Marieb was best known for writing anatomy and physiology textbooks, which she began doing after hearing from nursing students how ineffective their materials were. So she decided to enroll in HCC's nursing program to better understand those concerns, graduating with an associate degree in 1980. She went on to get her bachelor's in nursing from Fitchburg State College and a master's in nursing and gerontology from UMass.

Marieb was a big financial supporter of HCC over the years because of the way it serves those from underprivileged backgrounds, she said. 

“It’s only halfway to a bachelor’s degree, but it’s a very fine halfway,” she told the Gazette in 2014. “HCC has always been the best in giving its students the best possible background.”

As someone who had been a nontraditional-age student herself, Marieb focused much of her philanthropy on those students. For example, she helped fund the Elaine Marieb New Pathways Center, which functions as a lounge and study area for nontraditional female students.

“Women generally end up having to co-opt space in their kitchen or doing laundry to do homework,” said Irma Medina, the coordinator of HCC’s Pathways program, which gives academic help to students at HCC and helps them explore transferring to the area's prestigious liberal arts colleges. “She felt very strongly that they needed a space here for themselves.”
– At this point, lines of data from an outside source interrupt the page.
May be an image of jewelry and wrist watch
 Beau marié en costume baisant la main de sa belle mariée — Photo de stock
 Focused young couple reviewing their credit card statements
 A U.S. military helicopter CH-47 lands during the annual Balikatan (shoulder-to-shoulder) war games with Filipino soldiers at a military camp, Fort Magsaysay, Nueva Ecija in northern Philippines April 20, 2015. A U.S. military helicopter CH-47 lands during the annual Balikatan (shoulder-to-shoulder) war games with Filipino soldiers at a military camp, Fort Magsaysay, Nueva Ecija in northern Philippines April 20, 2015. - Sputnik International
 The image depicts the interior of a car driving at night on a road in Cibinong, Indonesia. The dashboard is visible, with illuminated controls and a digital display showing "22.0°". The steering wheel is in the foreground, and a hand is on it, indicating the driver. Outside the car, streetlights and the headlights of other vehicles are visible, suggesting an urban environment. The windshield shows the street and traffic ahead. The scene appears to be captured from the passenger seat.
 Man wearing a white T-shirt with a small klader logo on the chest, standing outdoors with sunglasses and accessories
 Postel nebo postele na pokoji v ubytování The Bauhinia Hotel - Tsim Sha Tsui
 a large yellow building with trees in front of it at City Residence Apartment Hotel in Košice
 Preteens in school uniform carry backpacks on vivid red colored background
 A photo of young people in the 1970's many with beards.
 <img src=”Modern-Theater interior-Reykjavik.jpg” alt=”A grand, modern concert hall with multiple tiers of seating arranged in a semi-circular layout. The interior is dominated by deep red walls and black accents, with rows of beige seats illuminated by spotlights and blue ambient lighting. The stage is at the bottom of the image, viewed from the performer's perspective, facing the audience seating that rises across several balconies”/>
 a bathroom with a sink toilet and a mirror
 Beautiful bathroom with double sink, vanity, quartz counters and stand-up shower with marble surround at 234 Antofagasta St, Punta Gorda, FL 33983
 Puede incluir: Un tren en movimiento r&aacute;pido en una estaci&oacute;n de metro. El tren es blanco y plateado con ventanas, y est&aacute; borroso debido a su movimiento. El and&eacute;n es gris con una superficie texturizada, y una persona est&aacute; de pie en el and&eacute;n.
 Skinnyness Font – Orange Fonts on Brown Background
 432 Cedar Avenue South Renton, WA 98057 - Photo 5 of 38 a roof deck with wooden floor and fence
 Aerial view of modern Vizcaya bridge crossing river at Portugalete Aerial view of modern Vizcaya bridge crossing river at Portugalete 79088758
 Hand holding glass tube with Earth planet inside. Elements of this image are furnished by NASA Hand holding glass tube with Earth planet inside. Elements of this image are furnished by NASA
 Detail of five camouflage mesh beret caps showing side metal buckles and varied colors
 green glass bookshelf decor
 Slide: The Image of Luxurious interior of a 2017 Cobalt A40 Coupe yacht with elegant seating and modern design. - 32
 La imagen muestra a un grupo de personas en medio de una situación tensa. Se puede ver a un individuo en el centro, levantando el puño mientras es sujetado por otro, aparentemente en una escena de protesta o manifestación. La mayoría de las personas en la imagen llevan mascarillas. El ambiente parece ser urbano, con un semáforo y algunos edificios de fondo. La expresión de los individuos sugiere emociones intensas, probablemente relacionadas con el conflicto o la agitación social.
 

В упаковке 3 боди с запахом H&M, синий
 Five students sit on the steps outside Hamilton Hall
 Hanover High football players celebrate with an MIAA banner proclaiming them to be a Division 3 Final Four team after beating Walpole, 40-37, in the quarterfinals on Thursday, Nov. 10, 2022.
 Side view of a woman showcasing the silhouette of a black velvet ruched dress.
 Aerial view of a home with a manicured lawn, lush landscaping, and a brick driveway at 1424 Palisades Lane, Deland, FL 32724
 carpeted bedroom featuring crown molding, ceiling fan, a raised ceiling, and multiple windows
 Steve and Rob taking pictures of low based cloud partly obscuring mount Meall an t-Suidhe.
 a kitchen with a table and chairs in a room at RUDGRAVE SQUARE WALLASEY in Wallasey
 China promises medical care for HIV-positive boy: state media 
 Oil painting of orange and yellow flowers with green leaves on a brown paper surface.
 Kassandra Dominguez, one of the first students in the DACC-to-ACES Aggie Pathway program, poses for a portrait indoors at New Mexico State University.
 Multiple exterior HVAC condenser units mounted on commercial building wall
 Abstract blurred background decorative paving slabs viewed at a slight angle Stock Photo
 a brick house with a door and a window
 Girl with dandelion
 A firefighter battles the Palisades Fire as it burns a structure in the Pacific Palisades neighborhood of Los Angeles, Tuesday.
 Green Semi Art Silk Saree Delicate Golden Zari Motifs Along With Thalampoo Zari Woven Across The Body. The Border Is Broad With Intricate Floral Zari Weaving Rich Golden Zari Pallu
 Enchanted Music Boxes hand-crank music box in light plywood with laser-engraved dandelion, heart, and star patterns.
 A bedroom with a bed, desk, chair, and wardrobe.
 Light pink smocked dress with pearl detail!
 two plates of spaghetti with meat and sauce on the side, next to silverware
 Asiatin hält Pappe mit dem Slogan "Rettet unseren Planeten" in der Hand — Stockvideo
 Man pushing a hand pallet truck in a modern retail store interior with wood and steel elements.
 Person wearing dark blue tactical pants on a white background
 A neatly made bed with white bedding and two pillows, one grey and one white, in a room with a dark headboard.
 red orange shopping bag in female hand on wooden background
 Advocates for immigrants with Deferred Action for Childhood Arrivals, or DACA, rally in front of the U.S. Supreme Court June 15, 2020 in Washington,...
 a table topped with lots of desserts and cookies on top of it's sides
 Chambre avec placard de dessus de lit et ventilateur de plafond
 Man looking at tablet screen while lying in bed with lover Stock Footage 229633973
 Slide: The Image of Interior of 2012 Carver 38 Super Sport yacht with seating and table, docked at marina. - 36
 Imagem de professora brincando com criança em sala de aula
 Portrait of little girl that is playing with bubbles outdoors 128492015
Medina said that when Marieb would come to visit the college, she would spend most of her time listening to students. 

“She felt connected with the program because she’d seen so many of the students just like her,” she said. “There’s a lot of sacrifice in terms of their time, their families, and balancing all of those demands to be here.”

Around a third of HCC students are older than 25, Sbriscia said. And the gift will allow the college to continue supporting those students through their education. 

“From our perspective, this is her continuing vote of confidence in what we’re doing for nontraditional students," Sbriscia said.

Medina added that she hopes that the students at HCC see the gift as a vote of confidence in them, too.

“You are worth $1 million,” Medina said to them.